Extemporaneous musings, occasionally poetic, about life in its richly varied dimensions, especially as relates to history, theology, law, literature, science, by one who is an attorney, ordained minister, historian, writer, and African American.
Sunday, April 9, 2017
PALM SUNDAY PERSPECTIVES
PALM SUNDAY PERSPECTIVES
I have for a very long time marveled that God would be concerned with man, that God would even consider man, as the scribe in Psalms 8:3-4 has written:
"When I consider your heavens, the work of your fingers, the moon and the stars, which you have set in place, what is mankind that you are mindful of them, human beings that you care for them "
The implied question is fair.
Given "everlasting to everlasting" as the spatial domain of God and existing outside of the confines of time , itself, how could God know, much less care, about those who claim to be made in God's likeness and image : male and female; who are constrained by time and space?

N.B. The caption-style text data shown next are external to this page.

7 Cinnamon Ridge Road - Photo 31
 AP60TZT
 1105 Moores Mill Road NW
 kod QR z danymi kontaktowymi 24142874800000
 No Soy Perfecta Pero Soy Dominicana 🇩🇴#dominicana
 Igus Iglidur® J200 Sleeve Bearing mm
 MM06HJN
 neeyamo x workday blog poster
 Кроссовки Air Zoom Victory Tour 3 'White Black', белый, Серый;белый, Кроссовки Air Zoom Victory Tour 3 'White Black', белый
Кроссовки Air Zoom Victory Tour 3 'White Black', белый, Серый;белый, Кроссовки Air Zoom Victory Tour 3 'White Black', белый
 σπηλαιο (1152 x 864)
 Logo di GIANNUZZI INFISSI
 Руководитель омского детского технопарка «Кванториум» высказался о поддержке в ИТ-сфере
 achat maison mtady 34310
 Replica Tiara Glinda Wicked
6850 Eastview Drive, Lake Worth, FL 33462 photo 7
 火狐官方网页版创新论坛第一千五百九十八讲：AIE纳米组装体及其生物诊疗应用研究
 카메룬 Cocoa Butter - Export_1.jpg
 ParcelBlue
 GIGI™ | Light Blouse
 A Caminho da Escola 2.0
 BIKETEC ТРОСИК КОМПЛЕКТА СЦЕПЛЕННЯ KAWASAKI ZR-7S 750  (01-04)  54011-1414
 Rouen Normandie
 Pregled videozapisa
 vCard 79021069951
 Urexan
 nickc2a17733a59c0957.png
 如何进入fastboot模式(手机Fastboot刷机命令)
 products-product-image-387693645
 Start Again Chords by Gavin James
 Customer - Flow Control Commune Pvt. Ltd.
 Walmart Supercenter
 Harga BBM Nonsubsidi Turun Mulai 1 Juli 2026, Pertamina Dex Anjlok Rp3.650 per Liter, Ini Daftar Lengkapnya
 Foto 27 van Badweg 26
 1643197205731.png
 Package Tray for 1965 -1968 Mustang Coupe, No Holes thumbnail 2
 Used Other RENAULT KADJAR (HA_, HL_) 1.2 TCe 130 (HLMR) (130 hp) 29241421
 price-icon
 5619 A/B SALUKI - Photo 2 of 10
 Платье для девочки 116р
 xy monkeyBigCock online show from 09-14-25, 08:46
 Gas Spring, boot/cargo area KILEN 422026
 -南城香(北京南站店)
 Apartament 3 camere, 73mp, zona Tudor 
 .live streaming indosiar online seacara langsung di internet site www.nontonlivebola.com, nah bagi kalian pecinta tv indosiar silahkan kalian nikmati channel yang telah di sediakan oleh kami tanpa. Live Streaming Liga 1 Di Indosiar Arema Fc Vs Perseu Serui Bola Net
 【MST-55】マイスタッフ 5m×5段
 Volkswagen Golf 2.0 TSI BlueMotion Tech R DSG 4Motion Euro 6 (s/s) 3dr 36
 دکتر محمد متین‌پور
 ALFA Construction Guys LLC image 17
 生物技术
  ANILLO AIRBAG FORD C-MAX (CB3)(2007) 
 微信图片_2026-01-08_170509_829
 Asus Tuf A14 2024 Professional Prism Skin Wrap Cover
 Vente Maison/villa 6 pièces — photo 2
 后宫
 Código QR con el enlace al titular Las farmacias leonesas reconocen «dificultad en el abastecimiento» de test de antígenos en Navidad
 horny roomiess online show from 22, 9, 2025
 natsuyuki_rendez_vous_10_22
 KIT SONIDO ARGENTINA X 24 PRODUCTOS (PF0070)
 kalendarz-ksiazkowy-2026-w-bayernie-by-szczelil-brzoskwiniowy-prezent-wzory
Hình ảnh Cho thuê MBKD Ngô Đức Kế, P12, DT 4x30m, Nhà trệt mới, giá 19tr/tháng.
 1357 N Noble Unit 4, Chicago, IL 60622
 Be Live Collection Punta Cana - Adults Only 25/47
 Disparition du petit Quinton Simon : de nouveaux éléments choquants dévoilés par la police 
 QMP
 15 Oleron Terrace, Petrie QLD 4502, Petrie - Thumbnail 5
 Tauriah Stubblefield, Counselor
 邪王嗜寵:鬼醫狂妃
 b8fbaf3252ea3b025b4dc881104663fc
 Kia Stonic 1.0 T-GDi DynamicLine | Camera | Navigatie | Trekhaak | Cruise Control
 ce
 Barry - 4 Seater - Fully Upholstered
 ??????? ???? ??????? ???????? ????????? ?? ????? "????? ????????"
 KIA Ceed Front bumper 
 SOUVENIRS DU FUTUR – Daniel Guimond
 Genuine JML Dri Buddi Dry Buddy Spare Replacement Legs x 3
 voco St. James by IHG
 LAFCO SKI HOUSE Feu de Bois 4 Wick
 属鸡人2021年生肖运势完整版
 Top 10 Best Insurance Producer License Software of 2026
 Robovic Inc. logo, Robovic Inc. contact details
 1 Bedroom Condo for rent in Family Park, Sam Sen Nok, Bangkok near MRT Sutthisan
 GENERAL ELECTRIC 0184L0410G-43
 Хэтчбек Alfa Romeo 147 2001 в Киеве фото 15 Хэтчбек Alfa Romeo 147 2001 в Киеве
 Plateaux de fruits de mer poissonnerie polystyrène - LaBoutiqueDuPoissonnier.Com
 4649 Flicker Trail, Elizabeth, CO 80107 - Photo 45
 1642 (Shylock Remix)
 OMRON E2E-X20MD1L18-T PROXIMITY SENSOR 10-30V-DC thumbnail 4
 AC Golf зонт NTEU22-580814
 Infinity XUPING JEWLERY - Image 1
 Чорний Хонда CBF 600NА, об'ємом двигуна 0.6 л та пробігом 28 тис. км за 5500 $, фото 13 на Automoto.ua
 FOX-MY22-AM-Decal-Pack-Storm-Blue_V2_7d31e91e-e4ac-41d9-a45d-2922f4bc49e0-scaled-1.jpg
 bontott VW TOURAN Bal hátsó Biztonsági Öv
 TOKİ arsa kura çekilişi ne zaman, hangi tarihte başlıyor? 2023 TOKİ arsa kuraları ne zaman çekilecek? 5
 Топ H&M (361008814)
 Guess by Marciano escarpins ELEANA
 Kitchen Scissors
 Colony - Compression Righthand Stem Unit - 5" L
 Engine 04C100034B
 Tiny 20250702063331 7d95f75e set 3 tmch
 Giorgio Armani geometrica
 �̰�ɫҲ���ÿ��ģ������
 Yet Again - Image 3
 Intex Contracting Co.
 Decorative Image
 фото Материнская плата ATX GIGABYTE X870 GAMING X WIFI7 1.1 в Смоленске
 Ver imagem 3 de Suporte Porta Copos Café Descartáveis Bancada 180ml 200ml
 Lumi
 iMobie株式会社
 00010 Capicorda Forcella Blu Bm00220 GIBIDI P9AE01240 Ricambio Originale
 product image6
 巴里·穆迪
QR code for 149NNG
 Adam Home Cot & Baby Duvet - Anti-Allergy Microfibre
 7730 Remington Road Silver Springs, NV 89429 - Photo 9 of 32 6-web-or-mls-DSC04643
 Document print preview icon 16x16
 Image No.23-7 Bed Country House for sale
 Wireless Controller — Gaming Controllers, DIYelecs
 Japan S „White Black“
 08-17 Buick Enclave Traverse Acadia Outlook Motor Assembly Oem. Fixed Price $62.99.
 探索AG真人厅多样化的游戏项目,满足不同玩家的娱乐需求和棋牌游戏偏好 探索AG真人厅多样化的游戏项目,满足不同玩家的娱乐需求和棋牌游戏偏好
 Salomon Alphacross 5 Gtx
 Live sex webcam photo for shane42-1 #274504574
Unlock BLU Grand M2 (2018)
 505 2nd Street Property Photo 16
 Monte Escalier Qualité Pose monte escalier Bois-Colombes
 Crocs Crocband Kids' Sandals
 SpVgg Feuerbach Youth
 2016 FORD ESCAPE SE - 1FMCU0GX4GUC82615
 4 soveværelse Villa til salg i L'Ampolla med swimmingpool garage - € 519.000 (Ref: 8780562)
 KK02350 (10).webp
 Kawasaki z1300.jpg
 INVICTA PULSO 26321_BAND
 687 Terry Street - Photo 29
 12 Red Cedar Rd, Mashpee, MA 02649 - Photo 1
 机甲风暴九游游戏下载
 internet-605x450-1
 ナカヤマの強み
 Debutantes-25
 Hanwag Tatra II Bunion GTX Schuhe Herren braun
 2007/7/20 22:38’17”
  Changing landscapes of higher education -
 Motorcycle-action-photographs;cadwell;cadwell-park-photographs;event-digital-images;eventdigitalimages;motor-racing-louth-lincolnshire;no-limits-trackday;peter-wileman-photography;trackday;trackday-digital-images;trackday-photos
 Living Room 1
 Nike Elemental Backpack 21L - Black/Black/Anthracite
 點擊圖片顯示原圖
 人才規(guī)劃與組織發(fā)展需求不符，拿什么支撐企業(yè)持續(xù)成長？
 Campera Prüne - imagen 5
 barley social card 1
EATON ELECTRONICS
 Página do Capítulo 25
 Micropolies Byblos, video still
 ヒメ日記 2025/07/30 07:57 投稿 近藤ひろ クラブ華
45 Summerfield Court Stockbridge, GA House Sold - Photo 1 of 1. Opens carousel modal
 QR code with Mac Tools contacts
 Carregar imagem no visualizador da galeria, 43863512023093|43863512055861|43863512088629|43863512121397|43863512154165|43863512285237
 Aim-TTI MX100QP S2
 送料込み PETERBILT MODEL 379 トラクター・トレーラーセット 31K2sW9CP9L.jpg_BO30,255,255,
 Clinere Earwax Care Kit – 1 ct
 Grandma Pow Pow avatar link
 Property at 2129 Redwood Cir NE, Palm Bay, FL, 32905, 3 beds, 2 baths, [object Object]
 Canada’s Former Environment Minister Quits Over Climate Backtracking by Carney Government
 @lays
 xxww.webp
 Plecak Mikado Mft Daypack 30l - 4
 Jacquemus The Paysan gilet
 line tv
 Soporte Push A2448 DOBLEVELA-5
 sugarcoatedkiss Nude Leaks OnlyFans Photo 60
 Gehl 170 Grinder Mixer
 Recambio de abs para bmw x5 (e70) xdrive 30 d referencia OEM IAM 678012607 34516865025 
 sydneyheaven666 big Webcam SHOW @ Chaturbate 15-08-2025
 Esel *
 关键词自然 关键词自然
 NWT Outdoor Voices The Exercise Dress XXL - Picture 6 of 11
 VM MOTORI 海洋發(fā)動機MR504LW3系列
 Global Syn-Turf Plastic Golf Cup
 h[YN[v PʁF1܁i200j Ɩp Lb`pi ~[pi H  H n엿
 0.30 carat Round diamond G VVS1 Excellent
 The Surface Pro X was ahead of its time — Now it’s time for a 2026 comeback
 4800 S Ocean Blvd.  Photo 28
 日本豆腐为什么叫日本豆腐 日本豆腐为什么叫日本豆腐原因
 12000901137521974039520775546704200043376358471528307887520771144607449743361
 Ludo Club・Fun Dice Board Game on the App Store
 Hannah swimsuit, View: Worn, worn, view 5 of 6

The ancient African philosopher, Origen, of the 3rd century writes on this question, man as God, of in his book ON FIRST PRINCIPLES:
"Now if we consider how in a very few years, although those who profess Christianity are persecuted and some put to death on account of it while others suffer the loss of their possessions, yet the word has been able, in spite of the fewness of its teachers, to be 'preached everywhere in the world ' (cf. Mt. 24:14) so that Greeks and barbarians, wise and foolish (cf. Rom. 1:14) have adopted the religion of Jesus, we shall not hesitate to say that this achievement is more than human, remembering that Jesus taught with all authority and convincing power that his word should prevail (cf. Mk 13:31).
"Consequently we may reasonably regard as oracles these utterances of his such as, 'Ye shall be brought before kings and governors for my sake, for a testimony to them and to the Gentiles' (Mr. 10:18; Mk 13:9); and .... 'Many shall say to me in that day, Lord, Lord, did we not eat in thy name and drink in thy name and in thy name cast out daemons? And I shall say unto them, Depart from me ye workers of iniquity; I never knew you ' (Mt. 7:22, 23; Lk. 13:26). Now there was once a possibility that in uttering these words he was talking idly, because they were not true; but when words spoken with such authority have come to pass it shows that God has really become man and delivered to men the doctrine of salvation."
P. 336-338, Book IV, Ch.1, "Greek"
Pope Benedict XVI says of Origen:
"Origen of Alexandria truly was a figure crucial to the whole development of Christian thought."